Yes indeed Duck; a babble in time saved nine, and in space time continums the rate is tenfold. Captain Duck is there any news from the time front? Guacamole levels are rising! And Vkid is stuck in 3001. Seem soda did the trick, so you had the pop right.
Funny thing about guacamole... didja know you can eat it? I mean, it's not just for furniture polish! Anyway, I had to retire the time machine... caused too many disasters. The Titanic... yeah definitely should've turned LEFT instead of right. My bad. Well, I figure we can rescue the Vkid by sending him another crate of guacamole. I can send it by USPS priority mail and it ought to get there right about 3001...
3001... thats a long ways away.. i hope its nothing like 2001.. 2001 a space odessy.... heard its a good movie.. never seen it before.... another thing i've never seen is comet... i saw the northern lights once... im not talking about the strain of weed either.... i like weed i smoke it alot.. another thing i like to do alot is walk.... walking is fun... its good for you... just like eating fruit
i never did meet a queen before... but i knew a girl.... poker... sure did... but she broke my heart.... just like breaking the silence with a loud fart.. farts stink... so do skunks... i saw a skunk once didnt look too harmful... about as harmful as a squirrel.. squirrels are cute.... especially when they're eating nuts... nuts.... reminds me of a girl i dated once....
Vkids says thanks for the guacamole, snails brought it in the nick of time, 'bout dinner-thirty; but it became the dinner, so he ordered a hyper-dimensional-reasonater from E-Bay, guess it's been there since 3 months from now. jo-k-er-man-2001, 2010, 2060, 3001; they are the oddities of the odessesy in good ole type-print.
That's an event to be seen, rather printed on a typer. But rarely does he appreciate someone writing on him. Never seen the man get so angry. Should've worn my pants, I suppose. Don't happen to have a pair around do you? Oh well, I don't think we'd work out together anyways.....guess I'll just go where the wind takes me....have you seen my kite?
Look up, I think your kite is there, or is it hid beneath the stair? Upstairs, downstairs, it doesn't matter. Has anyone seen Babe? Babe Boomer?
Babe...I used to know this guy, and he used to say like "whats up babe", even if your like a guy. Its sorta of like you call someone by like another name then the one that was given and you like change the like sex of that person too, wow imagine what like people from like other countrys or other planets would call us for nicknames, like we understand some nicknames because of the way that we think, but like what about thoes who think diffrently.
Pity them.
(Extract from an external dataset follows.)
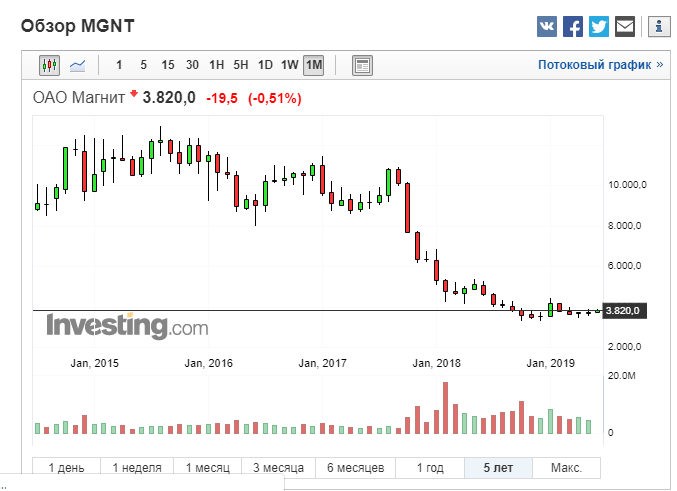 Падение акций Магнита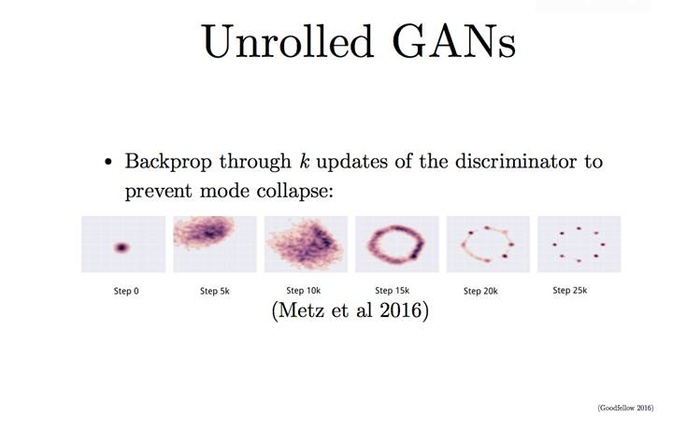 GAN之父：全方位解读生成对抗网络的原理及未来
Babe Boomer has thought about running for pres. He's so weirdly cool.Babe Boomer, king of the information highway, of fire & signs; driving along in his Ford Exploder. You know, Babe!
cars are wicked. I wish I had a volkswagen van though. I know this guy who has one. It's pretty awesome. But so is he. His Name is Ed, and he has this awesome beard. My dad has a beard too, but no volkwagen van.
I can grow a beard in about a week, my and my friends we gonna like ride in this van of his dad, and we are gonna be glad once we get on the road but we imgaine that once we come home its gonna be pretty bad. But anyways it sorta like you take the van and you travel somewhere and then its like howd i get here.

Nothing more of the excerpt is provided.